One key factor for retailers is understanding trends and “sometimes leading those trends,” he added, pointing to plant-based foods and seasonal offers. Whole Foods’ 365 brand, for example, saw a market for health-conscious, private-label options like dairy- or gluten-free before it became more mainstream.
Other times, success in private-label means solving an unmet need — for example, take-home dinners during the pandemic.
“What’s important to the customer, and what needs do they have?” Maute asked the audience. “Implement private label strategies today for greater resilience tomorrow.”

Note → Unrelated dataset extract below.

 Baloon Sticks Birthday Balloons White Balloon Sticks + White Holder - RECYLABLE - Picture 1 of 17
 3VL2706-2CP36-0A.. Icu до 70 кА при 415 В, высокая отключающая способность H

4 Ways to Stand Out as a Small Operator: Tips From the Gas Station Gourmet
In this foodservice-focused session moderated by Kim Stewart, editorial director at NACS, Al Hebert, better known as the Gas Station Gourmet, shared some memorable meals from his culinary journeys exploring small convenience store operators around the country.

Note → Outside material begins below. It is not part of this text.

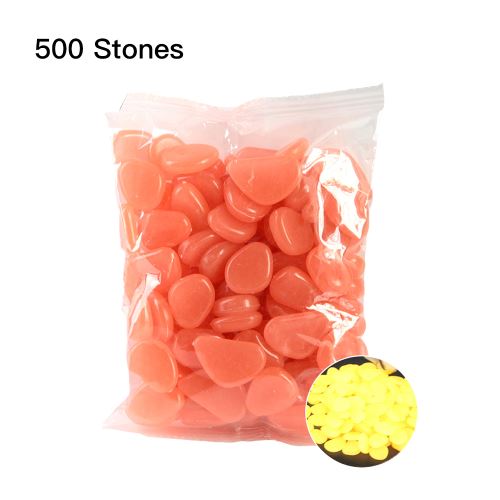 Blusea 500 pcs lumineux cailloux lueur dans les pierres sombres maison réservoir de poissons décor extérieur jardin passerelle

Hebert’s keys to standing out as a small retailer — whether competing against the quick-serve restaurant down the street or a big chain — start with being a community hub.
And what creates the community hub?
- Customers look forward to coming in.
- It feels like their place.
- Take an active role in community projects.
- You’re there when needed.
“A lot of this is your staff and you making people feel like this is a great place to be,” he said.
Hebert pointed to Latitudes c-store in Rio Rancho, N.M., as prime example. A focus group of women revealed that 80% did not want to go to a convenience store, so the owner set out to determine how to improve his space — starting by simply asking customers what they want from their neighborhood convenience store.
“(The owner) turned it into a little lounge,” Hebert said. “He put sofas, televisions and a fireplace in there. … Next thing you know, local politicians are coming in and saying, ‘Hey, can I meet with constituents here?'”
Ultimately, the surrounding community wanted somewhere comfortable to gather.
“People connect in the store, and that’s what you want,” Hebert said. “It can happen in your store, too.”
Marketing calls and hosting events are a few strategies to bring customers in, he added. The Corn Crib in Shelby, Iowa, for example, does an open mic night, which has become popular with musicians in the area. Events like these creates a domino effect among customers — old and new.
“They’re in your store, they’re buying your stuff, they’re trying your food. And their families come in.” Hebert said. “You may not want to hear them play, but their families do.”
And, of course, social media is a vital marketing tool, too. Herbert advised retailers to create a presence across all the major social channels — even TikTok. He provided a few examples of c-store utilizing the channel to attact — and entertain — customers.
“Your customers are on TikTok,” Hebert said. “You should be, too.”
Regional or specialty food are another way to create demand and attract customers — from chili dogs to Kool-Aid pickles.
At The Czech Stop in West, Texas, kolaches are the big draw. “They sell 104,000 kolaches every seven days, 620 kolaches every hour,” Hebert said. “You can go there at 2 in the morning and buy a fresh kolache.”
Hebert also stressed the important of clean restrooms — and provided a few cautionary examples he’s run into over the years. Ultimately, he said, it’s all about making your store a place where your customers — your community — want to be.
Opening General Session Featuring Jennifer Powers
Tuesday wrapped up a with generals session from coach, speaker and best-selling author, Jennifer Powers, who shared tools to react to changes and shifts better and to view all in a more positive light.
“One simple truth,” she said. “Things don’t happen to you or against you. Things just happen. It’s how you react to those things that gives you control. … Your reactions equal your reality.”
The NACS Show will run through Friday, Oct. 8, at McCormick Place Convention Center in Chicago.